Sunday, June 29, 2008

Long time no see dear friend.

I haven't updated in a very long time. I've been busy with working, which is actually now training part two. I can’t seem to get over how tiring learning something at such a fast pace can be. I’m in this very unsatisfying rut right now where I can seem to stick with anything long enough to be any good at it. I have a feeling it will only continue. Word on the grapevine is that once I finish my current training and can meet average expectations, I will yet again be trained to do something entirely different.

On the positive side, I’m never bored and to be honest, I really don’t have any good excuse to not post more. My life is most definitely anything but boring, but I tend to be a bit lazy at the moment.
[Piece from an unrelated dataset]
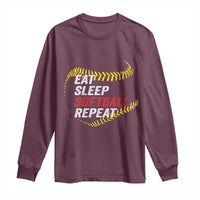 Eat Sleep Softball Repeat Long Sleeve Shirt Funny Softball Player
Forgive me, but college and all the experiences that went with it really wore me down. In addition to training for my third job since January, I am trying to grasp the married life, military life and New England all at once.
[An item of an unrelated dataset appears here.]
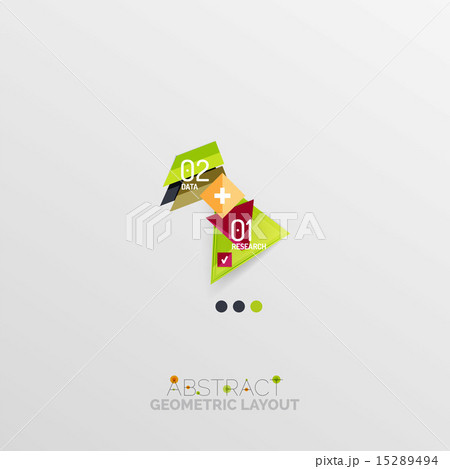 Glossy paper style geometric abstract infographic design 15289494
When I actually can sit down for a few minutes I tend to spend it catching up on news, both the trashy gossip variety and the actual good stuff worth chewing on. I’ve taken an interested in photography, due largely in part to my husband and a strategy game I’ve been playing the computer in skirmish mode and gradually building up some serious battle skills. As an added bonus, if while driving home I encounter morons who can’t drive, I can play a battle and blow up some aliens and the world seems well again.

I have also have had days where I’m actually at peace with the world long enough to do some serious heavy reading. I’m so incredibly thankful for that. It’s been many years since that has been the case. I keep acquiring books and now have plenty of material for my mind to digest at its leisure. However, I am beginning to think I won’t really dive into them until winter. My gut tells me that once the snows hit again, I’ll go to work and the grocery store and that’s it. I’ll just stock up on hot cocoa and read until my heart is content.

With all that said, it should be noted to those who know me best that I’m finally beginning to find peace in life. It may just simply be my soul settling into adulthood, but whatever the reason it is lovely. I know I’ve been a bit selfish and haven’t shared my life or experiences with people. Had I had it my way, my wedding would have been entirely private and my address unknown to everyone except the postman. I’m not sure the explanation for my hermit like behavior, but I do know it’s temporary. It goes against my basic core beliefs to not at least be available for people, so in due time I’ll emerge again.

Meanwhile, enjoy life.





Thursday, June 19, 2008

Time Management and Hobbies.

Time is such a funny thing. I can remember going years where I would have about half an hour of free time first thing in the morning, which often was used to shower and an hour right before bedtime, and that was a good night. I went years like that. I even had a motto for a while that went something like, “Free time isn’t something you have, it’s something you make or find.”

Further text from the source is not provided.